I want to write a crude Euler simulation of a set of PDEs. I read the PDE tutorial on tensorflow.org and I am a little puzzled about how to do this properly. I have two specific questions but would welcome further feedback if there is anything I have overlooked or misunderstood.
The following code is from the tutorial:
# Discretized PDE update rules
U_ = U + eps * Ut
Ut_ = Ut + eps * (laplace(U) - damping * Ut)
# Operation to update the state
step = tf.group(
U.assign(U_),
Ut.assign(Ut_))
Question 1
Isn't there a bug here? Once U.assign(U_) has been evaluated, surely the next evaluation of Ut_ will use the updated value of U rather than the value from the same time step? I would have thought that the correct way to do it would be as follows:
delta_U = tf.Variable(dU_init)
delta_Ut = tf.Variable(dUt_init)
delta_step = tf.group(
delta_U.assign(Ut)
delta_Ut.assign(laplace(U) - damping * Ut)
)
update_step = tf.group(
U.assign_add(eps * delta_U),
Ut.assign_add(eps * delta_Ut)
)
We could then run Euler integration steps by alternating evaluations of delta_step and update_step. If I understand correctly, this could be done via separate invocations of Session.run():
with tf.Session() as sess:
...
for i in range(1000):
sess.run(delta_step)
sess.run(update_step)
Question 2
It seems frustrating that a single operation can't be defined that combines both steps in a fixed order, e.g.
combined_update = tf.group(delta_step, update_step)
with tf.Session() as sess:
...
for i in range(1000):
sess.run(combined_update)
but according to an answer on this thread, tf.group() does not guarantee any particular evaluation order. The approach described on that thread for controlling evaluation order involves something called "control dependencies"; can they be used in this instance, where we want to ensure that repeated evaluations of two tensors are made in a fixed order?
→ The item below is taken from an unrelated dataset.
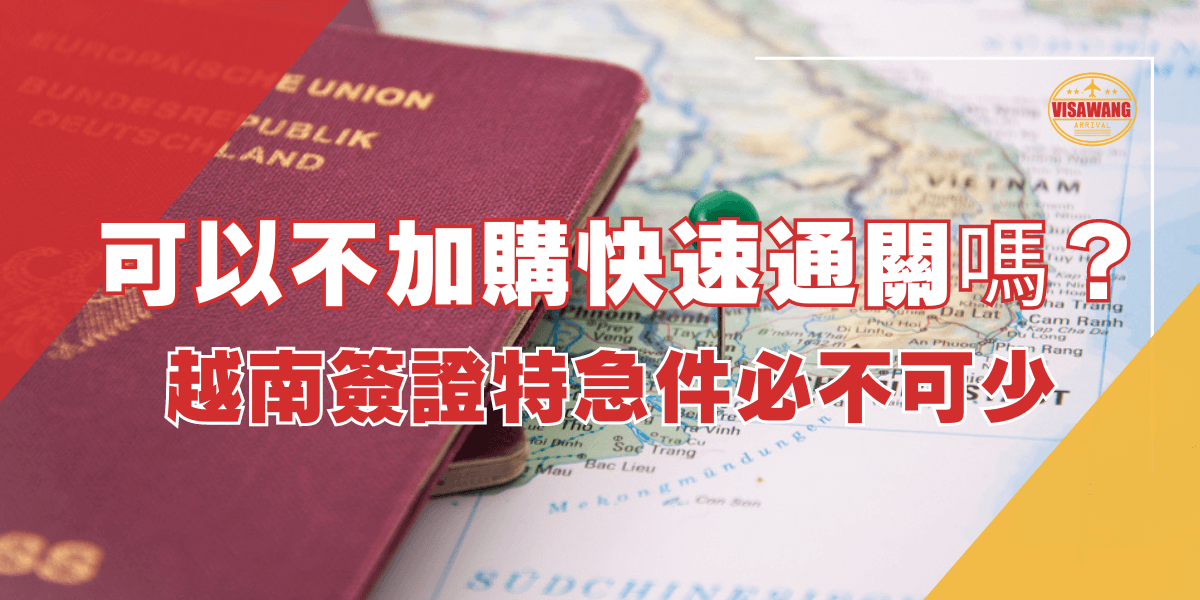 圖片顯示了一本德國護照放在越南地圖上，護照旁邊有一個圖釘標示位置。圖片上方有大字標題「可以不加購快速通關嗎？」以及「越南簽證特急件必不可少」的文字，標題下方有越南簽證王的標誌。該圖片主要用於討論在辦理越南簽證時是否可以不選擇加購快速通關服務，以及強調特急件的必要性。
If not, is there another way to control the order of evaluation of these tensors, beyond explicitly using sequential Session.run() calls?
Update (12/02/2019)
Update: based on jdehesa's answer, I investigated in greater detail. The results support my original intuition that there is a bug in the PDE tutorial which produces incorrect results due to inconsistent evaluation order of tf.assign() calls; this is not resolved by using control dependencies. However, the method from the PDE tutorial usually produces correct results, and I don't understand why.
I checked the results of running the assignment operations in an explicit order, using the following code:
import tensorflow as tf
import numpy as np
# define two variables a and b, and the PDEs that govern them
a = tf.Variable(0.0)
b = tf.Variable(1.0)
da_dt_ = b * 2
db_dt_ = 10 - a * b
dt = 0.1 # integration step size
# after one step of Euler integration, we should have
# a = 0.2 [ = 0.0 + (1.0 * 2) * 0.1 ]
# b = 2.0 [ = 1.0 + (10 - 0.0 * 1.0) * 0.1 ]
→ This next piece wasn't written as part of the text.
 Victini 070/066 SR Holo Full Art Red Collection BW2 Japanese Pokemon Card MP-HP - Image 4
# using the method from the PDE tutorial, define updated values for a and b
a_ = a + da_dt_ * dt
b_ = b + db_dt_ * dt
# and define the update operations
assignA = a.assign(a_)
assignB = b.assign(b_)
# define a higher-order function that runs a particular simulation n times
# and summarises the results
def summarise(simulation, n=500):
runs = np.array( [ simulation() for i in range(n) ] )
summary = dict( { (tuple(run), 0) for run in np.unique(runs, axis=0) } )
for run in runs:
summary[tuple(run)] += 1
return summary
# check the results of running the assignment operations in an explicit order
def explicitOrder(first, second):
with tf.Session() as sess:
sess.run(tf.global_variables_initializer())
sess.run(first)
sess.run(second)
return (sess.run(a), sess.run(b))
print( summarise(lambda: explicitOrder(assignA, assignB)) )
# prints {(0.2, 1.98): 500}
print( summarise(lambda: explicitOrder(assignB, assignA)) )
# prints {(0.4, 2.0): 500}
As expected, if we evaluate assignA first then a gets updated to 0.2, and this updated value is then used to update b to 1.98. If we evaluate assignB first, b is first updated to 2.0, and this updated value is then used to update a to 0.4. These are both the wrong answer to the Euler integration: what we ought to get is a = 0.2, b = 2.0.
I tested what happens when we allow the order of evaluation to be controlled implicitly by tf.group(), without using control dependencies.
noCDstep = tf.group(assignA, assignB)
def implicitOrder():
with tf.Session() as sess:
sess.run(tf.global_variables_initializer())
sess.run(noCDstep)
return (sess.run(a), sess.run(b))
print( summarise(lambda: implicitOrder()) )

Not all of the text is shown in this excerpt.